To the extent the Appellant argues that Appellees' conduct was ministerial, not discretionary, and not protected by qualified immunity, see Davis v. Scherer, 468 U.S. 183, 196 n.14 (1984), we must reject this contention, for Appellant has failed to demonstrate how the "directives" that Appellees are alleged to have flouted did not leave Appellees a "substantial measure of discretion," id.
III. Conclusion
Accordingly, Appellant "has pointed to no precedent, and we have found none, establishing that the [Appellees' COVID-19 response] violates clearly established law." Est. of Rahim by Rahim, 51 F.4th at 418. Absent clearly established law, Appellees could not know beforehand that their alleged mismanagement of the COVID-19 outbreak at Soldiers' Home would violate Appellant's rights. While hindsight is 20/20, "[u]nder these circumstances, an objectively reasonable [government official] would not have understood the challenged conduct to violate [Appellant's rights]." Id. at 417. "It would be inhumane not to feel a sense of outrage over [the situation], or a sense of deep sympathy for [those who passed away]. But our question is one of federal law, not one of sympathy." Rivera, 402 F.3d at 30. As such, Appellees are entitled to qualified immunity.

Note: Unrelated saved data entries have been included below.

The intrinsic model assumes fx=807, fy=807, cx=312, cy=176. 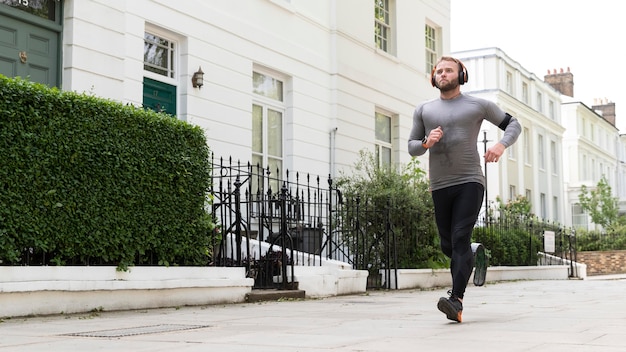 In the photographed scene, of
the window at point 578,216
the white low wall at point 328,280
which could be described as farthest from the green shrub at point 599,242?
the white low wall at point 328,280

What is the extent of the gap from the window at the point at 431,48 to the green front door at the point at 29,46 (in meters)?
13.2

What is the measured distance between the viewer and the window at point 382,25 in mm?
19203

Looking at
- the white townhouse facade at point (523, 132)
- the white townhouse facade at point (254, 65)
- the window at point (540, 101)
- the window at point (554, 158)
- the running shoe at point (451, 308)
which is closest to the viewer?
the running shoe at point (451, 308)

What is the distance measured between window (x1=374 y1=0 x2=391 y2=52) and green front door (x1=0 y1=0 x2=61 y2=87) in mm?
9971

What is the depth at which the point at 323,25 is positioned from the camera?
16.9 meters

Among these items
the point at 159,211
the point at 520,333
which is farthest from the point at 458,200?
the point at 159,211

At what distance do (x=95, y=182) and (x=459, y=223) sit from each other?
3545mm

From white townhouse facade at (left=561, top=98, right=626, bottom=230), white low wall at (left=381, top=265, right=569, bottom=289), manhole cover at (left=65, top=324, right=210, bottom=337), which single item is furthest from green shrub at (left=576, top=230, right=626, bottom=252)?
manhole cover at (left=65, top=324, right=210, bottom=337)

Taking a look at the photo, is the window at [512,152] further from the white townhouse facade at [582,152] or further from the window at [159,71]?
the window at [159,71]

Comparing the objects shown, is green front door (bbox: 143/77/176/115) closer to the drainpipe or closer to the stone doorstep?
the stone doorstep

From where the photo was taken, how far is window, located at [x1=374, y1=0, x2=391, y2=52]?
1920cm

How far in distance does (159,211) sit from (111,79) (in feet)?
11.2

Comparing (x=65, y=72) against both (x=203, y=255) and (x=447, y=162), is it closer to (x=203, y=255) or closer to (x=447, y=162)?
(x=203, y=255)

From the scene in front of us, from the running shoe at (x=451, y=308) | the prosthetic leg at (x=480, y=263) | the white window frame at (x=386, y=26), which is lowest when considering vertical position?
the running shoe at (x=451, y=308) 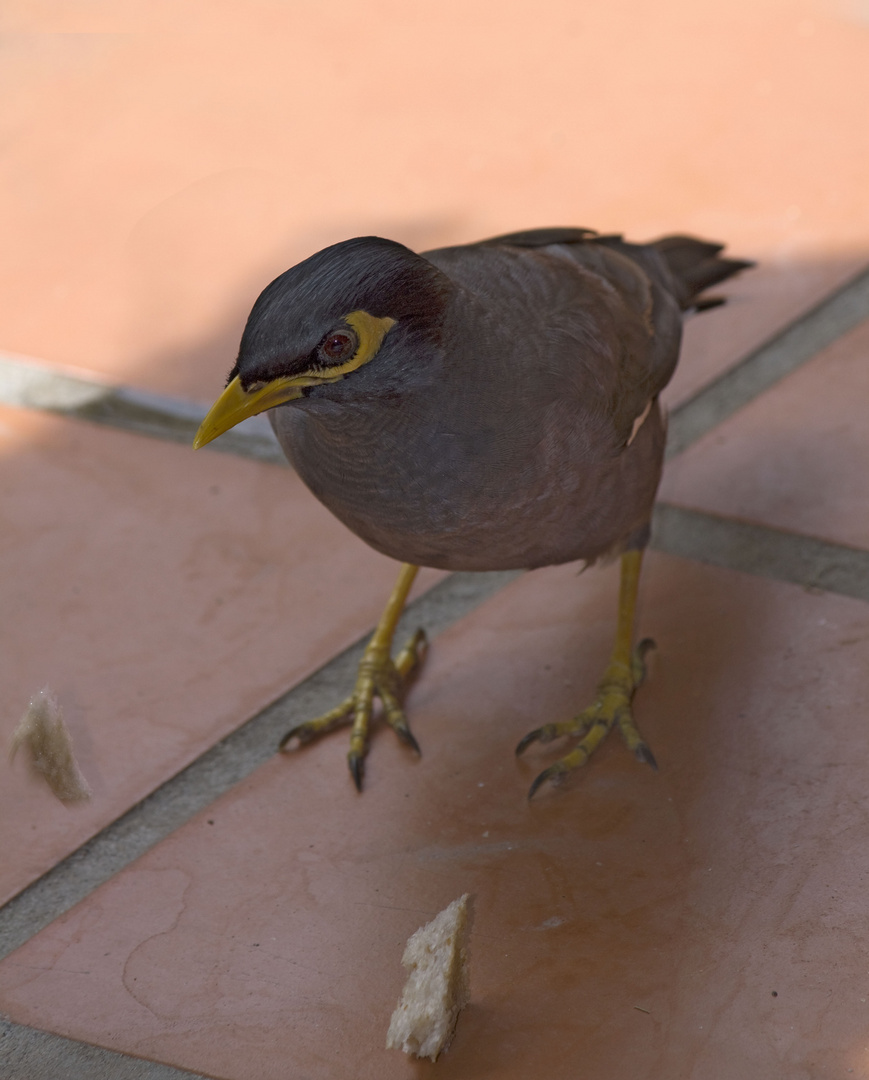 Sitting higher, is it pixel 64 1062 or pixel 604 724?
pixel 64 1062

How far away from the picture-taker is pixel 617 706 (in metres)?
2.25

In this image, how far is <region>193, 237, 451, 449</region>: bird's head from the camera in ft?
5.96

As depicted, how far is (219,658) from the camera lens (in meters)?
2.41

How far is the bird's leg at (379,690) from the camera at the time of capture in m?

For the above reasons, the district court's dismissal is affirmed.
The parties did not bring to our attention the Ninth Circuit's opinion finding no qualified immunity based on a state-created-danger theory in a case involving a claim by prison guards who had contracted COVID-19 and were in charge of driving inmates who had the virus to local hospitals. See Polanco v. Diaz, 76 F.4th 918 (9th Cir. 2023). But in finding the alleged violation there to be a violation of clearly established law, the Ninth Circuit relied solely on its own precedents, see id. at 930-31. And, as we have explained, Appellant here has not identified any precedent from the Supreme Court, this circuit, or other circuits that would establish the requisite consensus to demonstrate clearly established law as to the type of claims in this case.